# WHAT THE EXERCISE ASKS
Return every entry exactly.

::::::::

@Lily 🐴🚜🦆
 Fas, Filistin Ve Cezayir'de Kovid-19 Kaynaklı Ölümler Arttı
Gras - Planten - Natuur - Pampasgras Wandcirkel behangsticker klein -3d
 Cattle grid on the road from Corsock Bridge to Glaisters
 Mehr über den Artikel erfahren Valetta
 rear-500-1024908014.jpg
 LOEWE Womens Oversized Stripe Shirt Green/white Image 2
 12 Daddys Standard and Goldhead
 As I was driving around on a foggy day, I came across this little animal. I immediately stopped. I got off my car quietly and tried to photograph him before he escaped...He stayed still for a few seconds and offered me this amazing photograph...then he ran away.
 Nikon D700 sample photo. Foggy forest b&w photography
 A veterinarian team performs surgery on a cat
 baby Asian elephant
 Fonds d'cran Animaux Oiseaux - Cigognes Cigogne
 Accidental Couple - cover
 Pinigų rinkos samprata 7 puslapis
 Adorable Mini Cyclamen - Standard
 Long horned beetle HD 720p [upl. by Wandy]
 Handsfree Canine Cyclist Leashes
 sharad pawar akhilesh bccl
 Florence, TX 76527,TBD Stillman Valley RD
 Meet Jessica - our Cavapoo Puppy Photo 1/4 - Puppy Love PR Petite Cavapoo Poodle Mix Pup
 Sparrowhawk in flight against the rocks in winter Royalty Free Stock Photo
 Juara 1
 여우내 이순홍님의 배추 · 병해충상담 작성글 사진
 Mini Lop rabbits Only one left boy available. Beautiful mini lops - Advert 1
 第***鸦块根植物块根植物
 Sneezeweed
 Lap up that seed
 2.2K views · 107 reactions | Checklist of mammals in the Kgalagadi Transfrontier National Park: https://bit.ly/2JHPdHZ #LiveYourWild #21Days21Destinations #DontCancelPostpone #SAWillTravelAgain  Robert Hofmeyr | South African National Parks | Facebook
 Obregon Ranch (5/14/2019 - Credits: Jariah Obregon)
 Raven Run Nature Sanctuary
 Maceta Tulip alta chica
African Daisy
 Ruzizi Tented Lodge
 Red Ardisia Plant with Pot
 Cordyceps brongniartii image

::::::::

# ANSWER BOX
@Lily 🐴🚜🦆
 Fas, Filistin Ve Cezayir'de Kovid-19 Kaynaklı Ölümler Arttı
Gras - Planten - Natuur - Pampasgras Wandcirkel behangsticker klein -3d
 Cattle grid on the road from Corsock Bridge to Glaisters
 Mehr über den Artikel erfahren Valetta
 rear-500-1024908014.jpg
 LOEWE Womens Oversized Stripe Shirt Green/white Image 2
 12 Daddys Standard and Goldhead
 As I was driving around on a foggy day, I came across this little animal. I immediately stopped. I got off my car quietly and tried to photograph him before he escaped...He stayed still for a few seconds and offered me this amazing photograph...then he ran away.
 Nikon D700 sample photo. Foggy forest b&w photography
 A veterinarian team performs surgery on a cat
 baby Asian elephant
 Fonds d'cran Animaux Oiseaux - Cigognes Cigogne
 Accidental Couple - cover
 Pinigų rinkos samprata 7 puslapis
 Adorable Mini Cyclamen - Standard
 Long horned beetle HD 720p [upl. by Wandy]
 Handsfree Canine Cyclist Leashes
 sharad pawar akhilesh bccl
 Florence, TX 76527,TBD Stillman Valley RD
 Meet Jessica - our Cavapoo Puppy Photo 1/4 - Puppy Love PR Petite Cavapoo Poodle Mix Pup
 Sparrowhawk in flight against the rocks in winter Royalty Free Stock Photo
 Juara 1
 여우내 이순홍님의 배추 · 병해충상담 작성글 사진
 Mini Lop rabbits Only one left boy available. Beautiful mini lops - Advert 1
 第***鸦块根植物块根植物
 Sneezeweed
 Lap up that seed
 2.2K views · 107 reactions | Checklist of mammals in the Kgalagadi Transfrontier National Park: https://bit.ly/2JHPdHZ #LiveYourWild #21Days21Destinations #DontCancelPostpone #SAWillTravelAgain  Robert Hofmeyr | South African National Parks | Facebook
 Obregon Ranch (5/14/2019 - Credits: Jariah Obregon)
 Raven Run Nature Sanctuary
 Maceta Tulip alta chica
African Daisy
 Ruzizi Tented Lodge
 Red Ardisia Plant with Pot
 Cordyceps brongniartii image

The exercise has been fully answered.